### Exercise goal
Begin at the line that contains "Rolling Stool Chair" and reproduce it along with every line after it to the end of the listing; skip any pictures.

### Stored data
........
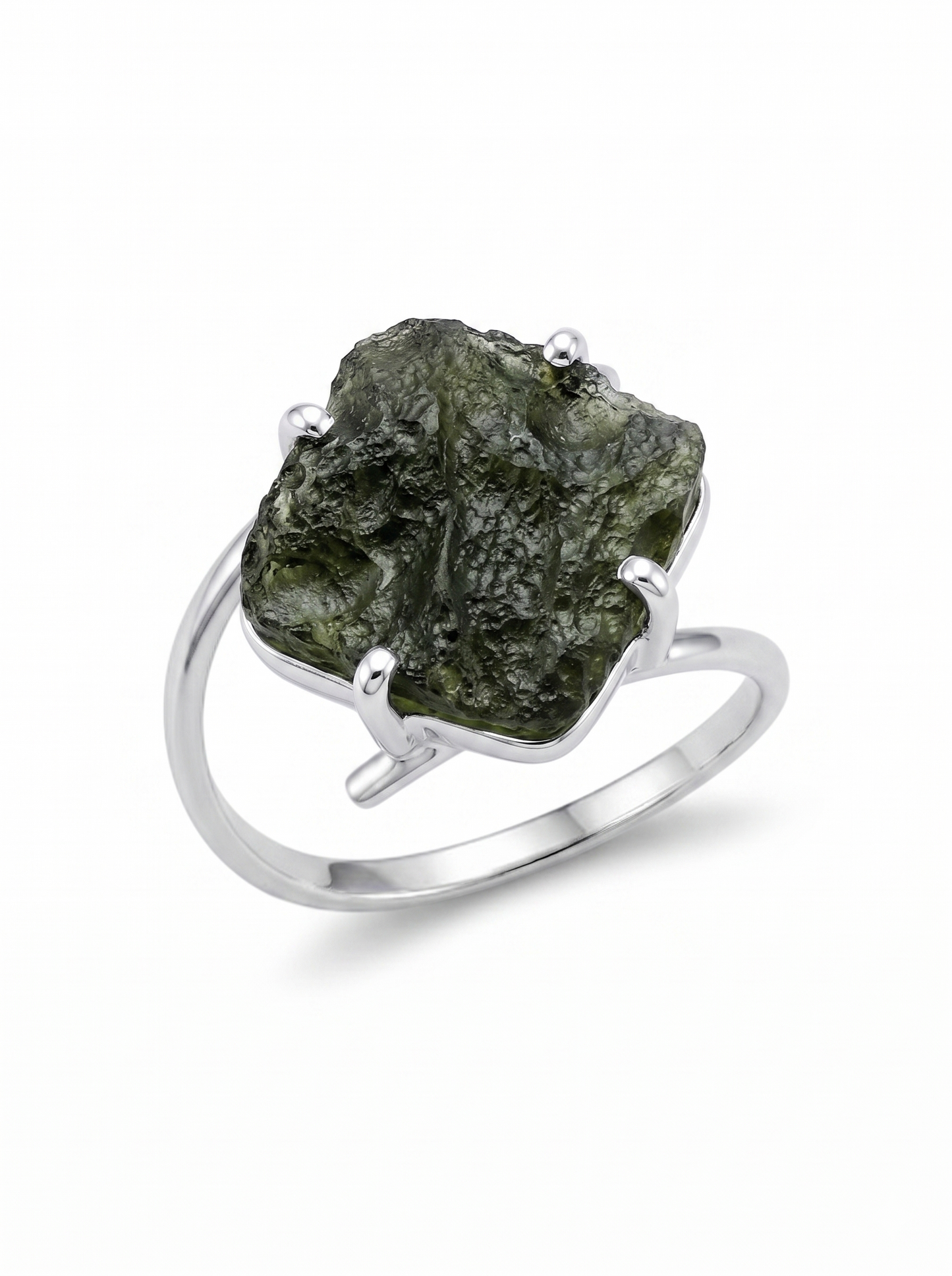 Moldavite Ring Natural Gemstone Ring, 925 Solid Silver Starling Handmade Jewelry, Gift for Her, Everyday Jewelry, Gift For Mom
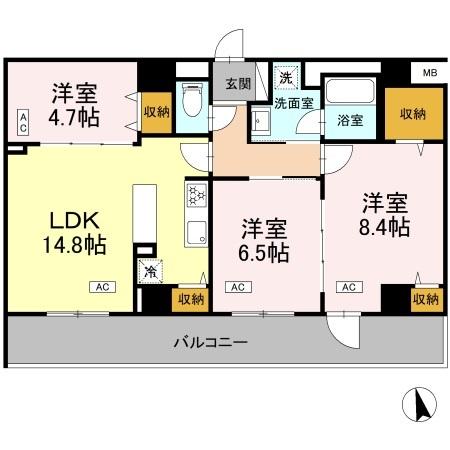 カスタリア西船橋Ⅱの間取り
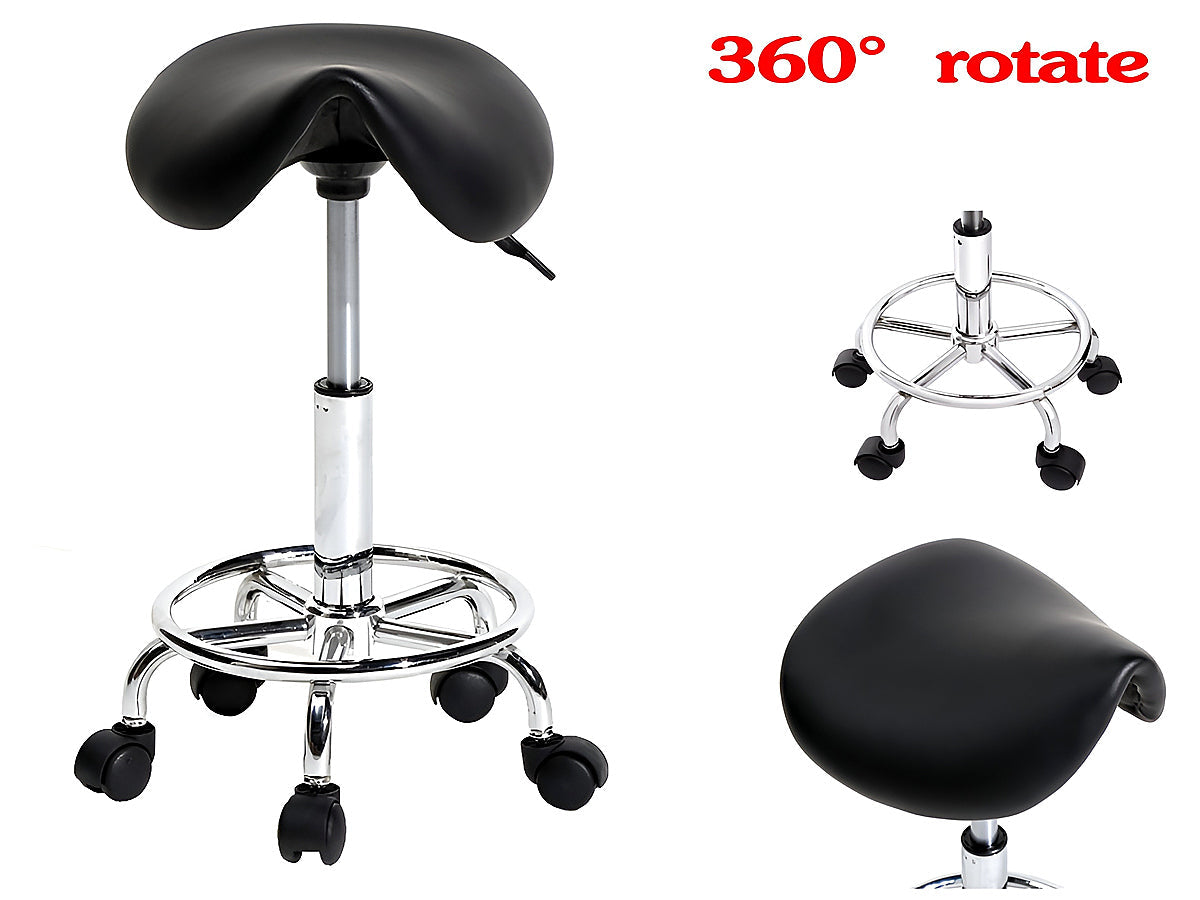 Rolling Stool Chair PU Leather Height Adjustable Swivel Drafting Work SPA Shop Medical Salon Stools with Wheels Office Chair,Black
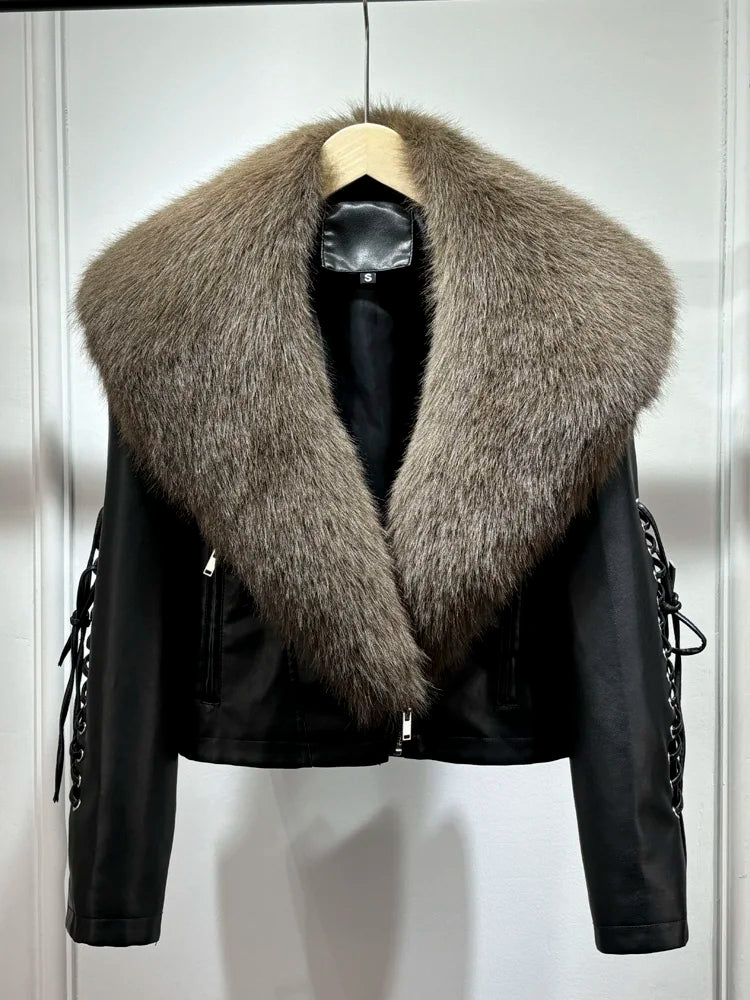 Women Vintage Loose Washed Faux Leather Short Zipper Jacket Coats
........
### Solution for this problem
 Rolling Stool Chair PU Leather Height Adjustable Swivel Drafting Work SPA Shop Medical Salon Stools with Wheels Office Chair,Black
 Women Vintage Loose Washed Faux Leather Short Zipper Jacket Coats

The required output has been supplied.